Bohrungen in drei Kilometer Tiefe ließen Erdschichten in den Niederlanden absacken und Hauswände wackeln. Und sie verursachten bisher über tausend Erdbeben.

Ein Mann demonstriert in Loppersum gegen die Erdgasförderung in der Region Bild: dpa

GRONINGEN dpa | Die historischen Kirchenglocken in Groningen läuteten dumpf. Die verzweifelte Mahnung vor drohendem Unheil galt Den Haag. „Dreht den Gaskran zu“, riefen dort wütende Demonstranten vor dem Parlamentsgebäude. Es geht um die Gasförderung und damit um die Zukunft der Menschen in der nordöstlichen Provinz der Niederlande, einem der größten Erdgasproduzenten Europas. Der Streit um Gas, Geld und große Gefahren ist heftig entbrannt.

Die großen Erdgasvorkommen liegen im Groninger Boden nahe der deutschen Grenze. Doch die Bohrungen führten bereits zu mehr als 1.000 Erdbeben in der Region. Den Bewohnern sackt der Boden unter den Füssen weg. Doch das spielte bei der Gasförderung nie eine Rolle. In einem Untersuchungsbericht fällte nun der nationale Sicherheitsrat ein knallhartes Urteil: Maximaler Gewinn war Behörden und Unternehmen demnach wichtiger als die Sicherheit der Bürger.
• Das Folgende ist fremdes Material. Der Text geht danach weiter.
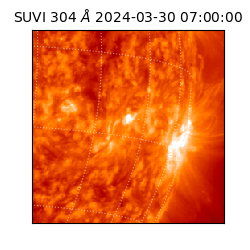 suvi - 2024-03-30T07:00:00.623000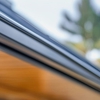 Gutter Services gallery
Die Politiker in Den Haag reagierten entsetzt. Für die Groninger aber ist der Report nach Jahrzehnten eine bittere Bestätigung. „Unsere Sicherheit spielte keine einzige Rolle, und das ist skandalös“, sagte Dirk Kleijer von der Bürgerinitiative Groninger Bodem Beweging.

Dabei hatte es wie ein Märchen begonnen: Als am 22. Juli 1959 unter einem Feld des Bauern Boon bei Slochteren Erdgas gefunden wurde, lockte unerschöpflicher Reichtum. Mit rund 900 Quadratkilometern und etwa 2800 Milliarden Kubikmetern Gas war es eines der größten Gasfelder der Welt.
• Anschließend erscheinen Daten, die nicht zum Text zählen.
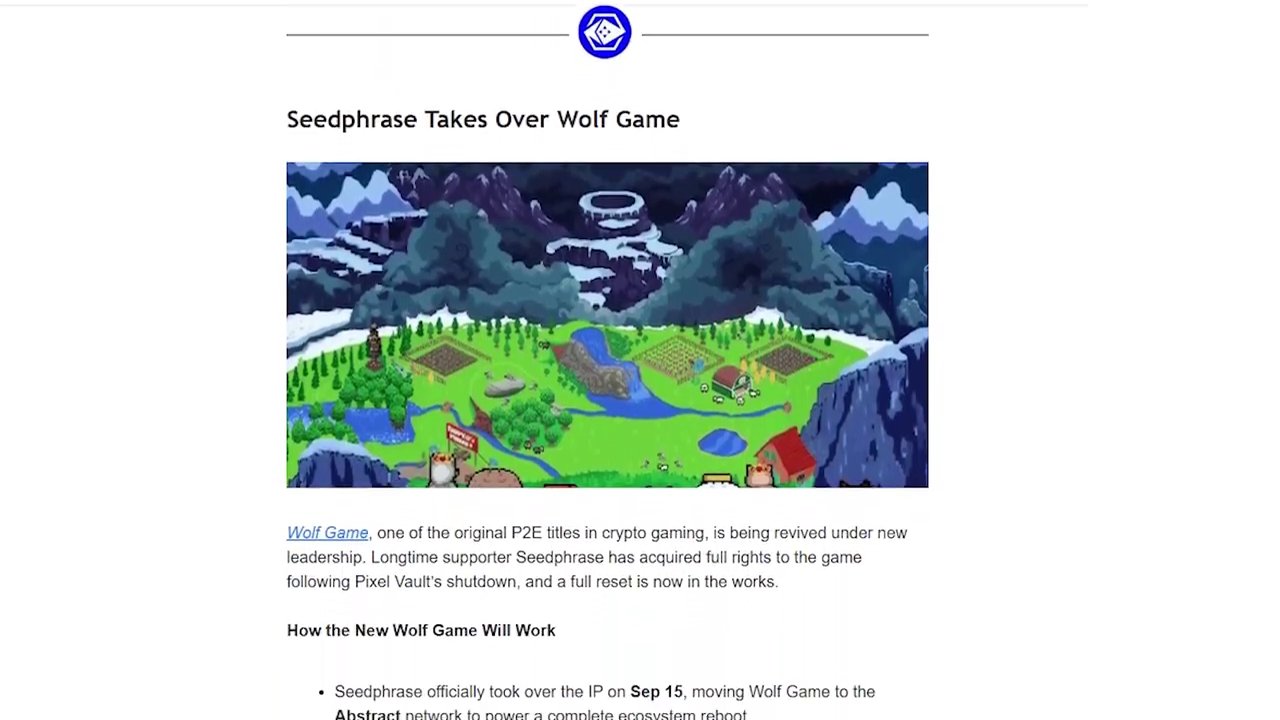 A cinematic shot from Star Atlas showcasing a spacecraft flying through a vibrant nebula near a space station.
Der Rohstoff machte die Niederlande nach Norwegen zum größten Erdgasproduzenten Europas. Über 2000 Milliarden Kubikmeter Gas wurden bisher gefördert, davon etwa die Hälfte für den Export. Der Staat verdiente gut daran, bisher rund 265 Milliarden Euro.

Alptraum für die Bürger

Doch für viele Bürger in der knapp 600 000 Einwohner zählenden Provinz wurde es zum Alptraum. Die Bohrungen in etwa drei Kilometer Tiefe ließen die Erdschichten absacken. Die Folge sind sogenannte Mikrobeben bis zur Stärke 2 auf der Richterskala. Bei den Bewohnern im Gebiet der Förderstellen hängen schon lange die Türen schief, klemmen Fenster und haben Mauern tiefe Risse. Und die Beben werden immer häufiger und immer heftiger.
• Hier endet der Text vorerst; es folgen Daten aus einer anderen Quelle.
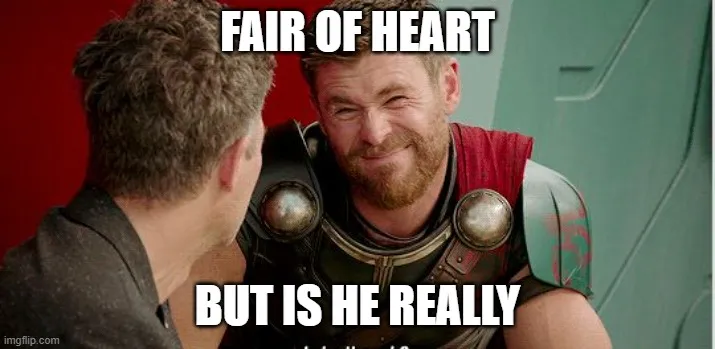 fairofheart.jpg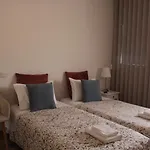 Holiday park Casa Quintaes Figueiredo (Braga)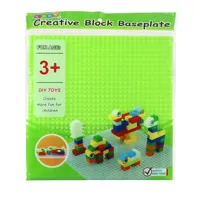Plyta-Plansza-Konstrukcyjna-Do-Klockow-Budowania-Jasnozielona-25-5-25-5-cm__1246486__1200.jpg
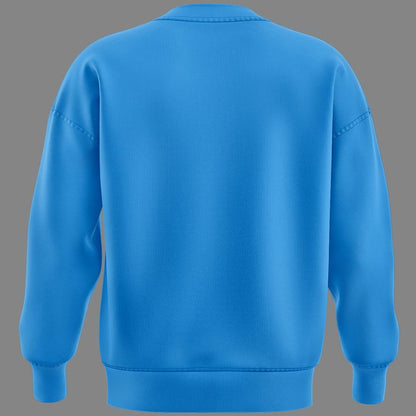 01.Limited Edition Tennessee Softball 2026 SWEATSHIRT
„Die Folgen sind katastrophal“, betont die Groninger Bürgerinitiative. Neun vor allem ländliche Kommunen sind von den Beben betroffen. Über 25 000 Bürger meldeten Schäden. 50 000 Wohnungen müssen extra verstärkt werden. 24 historische Kirchen sind beschädigt. Auch Bürgerinitiativen in Ostfriesland sind über Bodenabsenkungen bei den Nachbarn besorgt. Die Folgen etwa für Deiche könnten gravierend sein.

In Niedersachsen, einem Schwerpunkt der deutschen Gasgewinnung, werden ebenfalls gelegentlich Mikrobeben registriert. Doch Schäden gibt es kaum. Das Landesamt für Bergbau, Energie und Geologie (LBEG) in Hannover richtete dennoch nach einer Zunahme der Beben 2013 einen eigenen Erdbebendienst ein. Da die Felder in Niedersachsen aber viel kleiner sind, ist die Problematik nach Angaben des Amtes auch deutlich geringer als in den Niederlanden.

Dort steigt die Angst vor dem ganz großen Erdstoß. Die staatliche Aufsichtsbehörde für Minen schätzt das Risiko auf ein Beben der Stärke 4 bis 5 als realistisch ein. „Die Gasproduktion aus dem Groninger Gasfeld muss so schnell und so viel wie möglich gesenkt werden.“ Experten halten 30 Milliarden Kubikmeter pro Jahr für vertretbar.

Der rechtsliberale Wirtschaftsminister Henk Kamp aber zögert. Für 2015 stellte er als Gesamtmenge 39,5 Milliarden Kubikmeter Gas fest, sieben Prozent weniger als im Vorjahr. Nach neuen Beben reduzierte er dann die Fördermenge kürzlich für das erste Halbjahr um weitere 20 Prozent auf 16,5 Milliarden Kubikmeter.

Eine knallharte Rechnung

Doch ob es danach auch bei 33 Milliarden Kubikmeter im Jahr bleibt, will er später entscheiden. Um den Bedarf im eigenen Land zu decken und alle Lieferverpflichtungen für Europa zu erfüllen, so Kamp, müssten in Groningen 35 Milliarden Kubikmeter produziert werden.

Hinter den Zahlen verbirgt sich eine knallharte Rechnung. Für dieses Jahr stehen rund zehn Milliarden Euro an Einkünften aus dem Erdgas im Staatshaushalt. Eine drastische Reduzierung führt zu einem Milliarden-Loch. Das wäre ein großer Schlag für das Land, das sich nur langsam von einer schweren Rezession erholt. Erneute Kürzungen wären dann unausweichlich, mahnt die rechtsliberale Regierungspartei.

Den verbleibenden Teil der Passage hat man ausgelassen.